If you, as an interviewer, want to gate-keep the position to people who can already do it under normal conditions, then pay the candidate to work with your team for a day or two, on an actual bug, to get data about "real" conditions. Otherwise, toy problems with arbitrary restrictions are fine, because the goal should be a fast-paced conversation. "I don't know how to do this, off the top of my head, but I'd research these topics to find out" is a much better interview than watching someone flounder on Stack Overflow for half an hour.
I wonder why (big) companies are not doing this already? Since they spend a ton in hiring?
Or does anyone know companies that actually do this?

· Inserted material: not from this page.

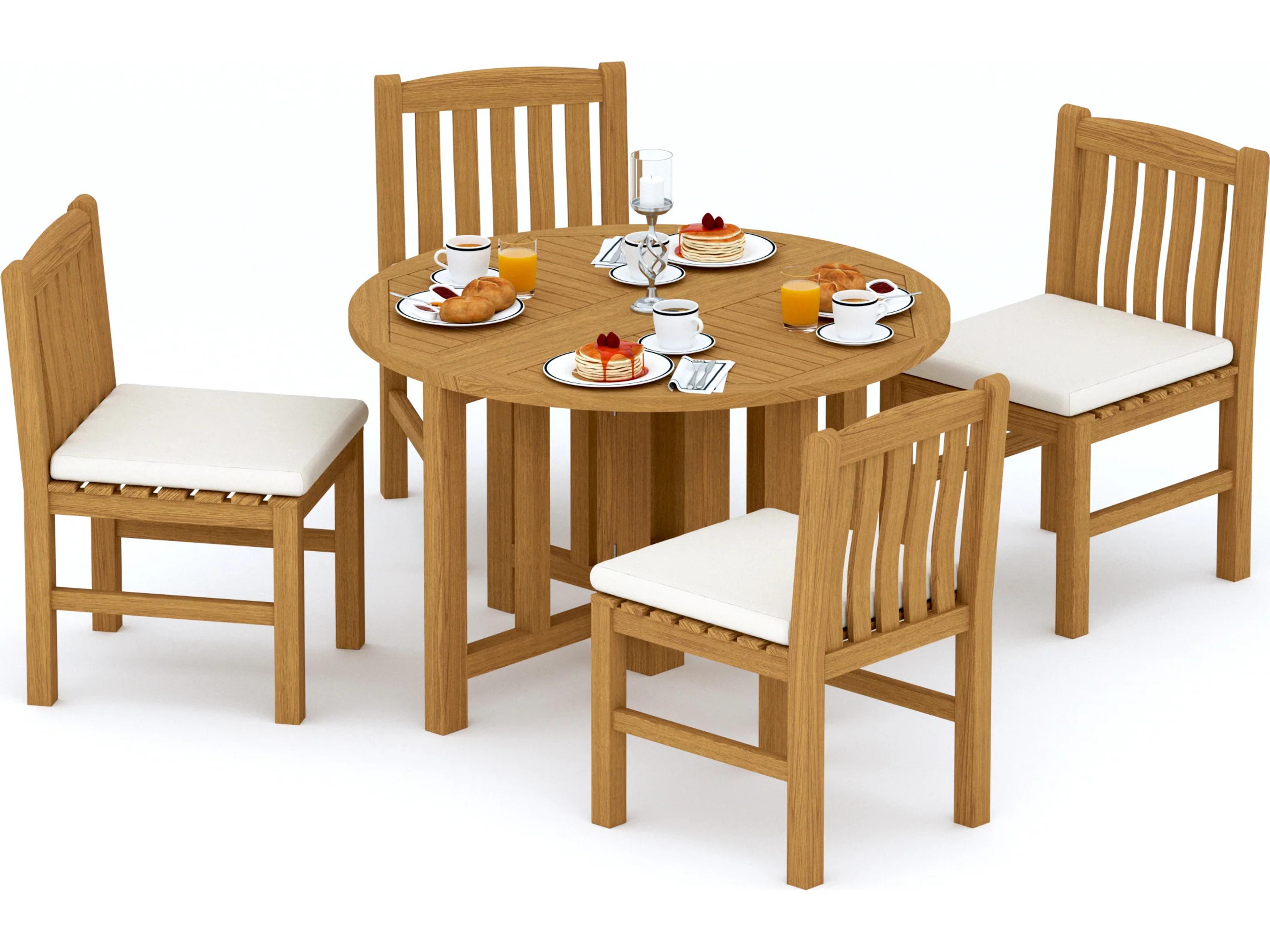 Teak Smith 5 Pieces 48" Round Butterfly Dining Set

Some places do, and it's often an enlightening experience for everyone. I'm a fan.
I think it's not as pervasive as we'd like because it costs money, probably more than you'd think, to pull all serious candidates through a paid process. Not only are you paying the candidates, you also need people dedicated to setting that process up and maintaining it for each candidate that comes through. Then you need someone to take time managing the contractor relationship that is necessary to pay them for their time. It's not a trivial process.
While I don't know for sure, I feel like a lot of companies thoroughly believe that it's a "buyer's market." I mean, even in an era where every executive is whining about "quiet quitting" (working assigned hours, then going home) and how "nobody wants to work" (for the offered salary under the offered conditions), they still have the nerve to ask "why do you want to work here," and expect candidates to answer in a way that verifies that they researched the company and have some passionate desire to be their employee.
Less cynically, after a couple of decades in the industry, I've concluded that any company past a certain size can't understand the idea of someone contributing immediately, without weeks of setting up their computer and being trained on unrelated products. When I interview, I actually ask what the position's expectations are for the first day, week, month, and quarter, and most of them don't have an answer before "month," and even that is rarely more than "maybe fix some minor bugs." (At my first job, the largest company that I've worked for, they didn't even have a desk for me, for the first week. And when they finally cleared a desk, it didn't have a computer on it...)
Agreed, the only value I find from these tests is that they can sometimes spot if someone is making very junior mistakes. But, it's so easy to not hire good people if you only trust in the tests.
There have also been studies on this, it's been known for years.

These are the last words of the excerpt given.